Acquirers could find themselves looking a lot like marketing firms in the near future.
They'll make that transformation by offering merchants the value-added features that come with mobile payments, says Henry Helgeson, CEO of Merchant Warehouse, a Boston-based independent sales organization.
Those features include data crunching to help merchants run their businesses more efficiently and profitably as well as digital approaches to loyalty and gift-giving, according to a panel that convened this week at the Northeast Acquirers Association 2014 Winter Seminar and Outing in Mount Snow, Vt.
But the first task in the shift to using smartphones as payment devices is convincing consumers to make the change, Helgeson says, noting that skeptics view mobile payment as a "solution in search of a problem."
While it's true that mobile payments aren't faster or easier than card swipes, the newer technology offers other advantages, panelists maintain.
Mobile payments can offer merchants lower transaction costs and provide a wealth of data on consumers' habits, says Christina Dorobek, LevelUp's vice president of partner development. Her company offers 2% transaction fees and can alert merchants to their customers' visits to other stores that participate in the Boston-based company's promotions, she notes.
Then there's the greater security that comes with mobile payments, contends Tony Abruzzio, business development executive at Isis, a joint venture of AT&T Mobility, T-Mobile USA and Verizon Wireless. Smartphones support EMV-chip and Near Field Communication is more secure than magnetic stripe cards, he says.

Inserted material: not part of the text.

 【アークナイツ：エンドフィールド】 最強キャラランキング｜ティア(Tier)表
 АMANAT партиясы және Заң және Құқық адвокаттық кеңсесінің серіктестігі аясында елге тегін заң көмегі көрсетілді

Moreover, he foresees a time when consumers will embrace mobile payments. "It is not a big leap to believe consumers will be paying with their phones," Abruzzio maintains.
But convincing the public to make the change will require rewards, according to Jed Rice, senior vice president of business development at Wellesley, Mass.-based Paydiant Mobile Systems. And technology can sharpen the focus of those rewards, he says.
To illustrate, Rice offers the case of the Subway sandwich shop chain. A lot of Americans don't like to get out of their cars when it's raining, so they go to the drive-up window to order food when the weather's bad.
Subway doesn't have a drive-up, and business plummets by 40% in inclement weather. Its solution was to link the loyalty program to weather data, and offer an extra 10 loyalty points if it's raining, Rice says.
A host of companies are vying to offer that kind of cutting-edge approach, and Paydiant is keeping an informal scorecard. The long list of service providers is ever-changing as companies impetuously enter the fray and then quickly exit.
The chicken-and-egg analogy fits the situation, Dorobek says. Merchants hesitate to commit themselves to mobile payments because not enough consumers pay with their phones. A consumer may go to a single store that doesn't accept smartphone payments and immediately lose faith in the app.
"They have to grow together for either to succeed," she says.
The resulting uncertainty leads companies to meander in their search for the right approach, Abruzzio says. He points an accusing finger at Google and PayPal for changing their mobile-payments programs.
The fluidity doesnt help ISOs and sales agents, panelists agree. They suggest acquirers respond to the uncertainty by learning as much as possible about mobile technology so theyll make the right decisions when advising merchants.
With that need to learn the landscape in mind, Abruzzio asks the crowd how many had made mobile purchases. Only a smattering raise their hands.
"That's not right," he says. "You're in the payments space."
Helgeson notes that his company strongly urges employees to use the latest payments technology.
"You're not doing your job if you don't," he maintains.
By learning as much as possible about new developments, ISOs can speak with authority when they advise merchants on tech choices, Rice says.
Dorobek provides an example. Her company, LevelUp, doesn't provide the technology to enable a customer to run up a tab, so it's not the best choice for a bar. Pub owners might want to consider using TabbedOut, she suggests.
"Look at the business and what their goals are," Dorobek advises. "Gather data before making a recommendation."
But don't try to bring merchants into a new era of technology before they're ready, Abruzzio says.
Retailers who have been using punch-card loyalty programs may prove the most receptive to digital loyalty tech, Dorobek says.
"You know the merchants who are forward-thinking," Rice notes.
Reluctance to embrace mobile payments reminds Helgeson of the resistance to card acceptance that he saw 15 to 20 years ago when he was calling on merchants in upstate New York.
Reluctant prospects used to tell him they'd take cards if customers wrapped them in a wad of cash.
Overcoming objections paid off then, and it will now, too, the panel agrees.
By helping merchants grow their businesses with better loyalty programs, ISOs' revenue increases, too, says Dorobek.
A "wise old ISO" once told Abruzzion of the "octopus theory" that dictates that when an ISO sells a merchant eight value-added services there's no longer any attrition.
Phones will be a home for transactions in roughly five years, according to the panel.
"As soon as I can put my driver's license on my cell phone," says Dorobek, "I'll throw my leather wallet away."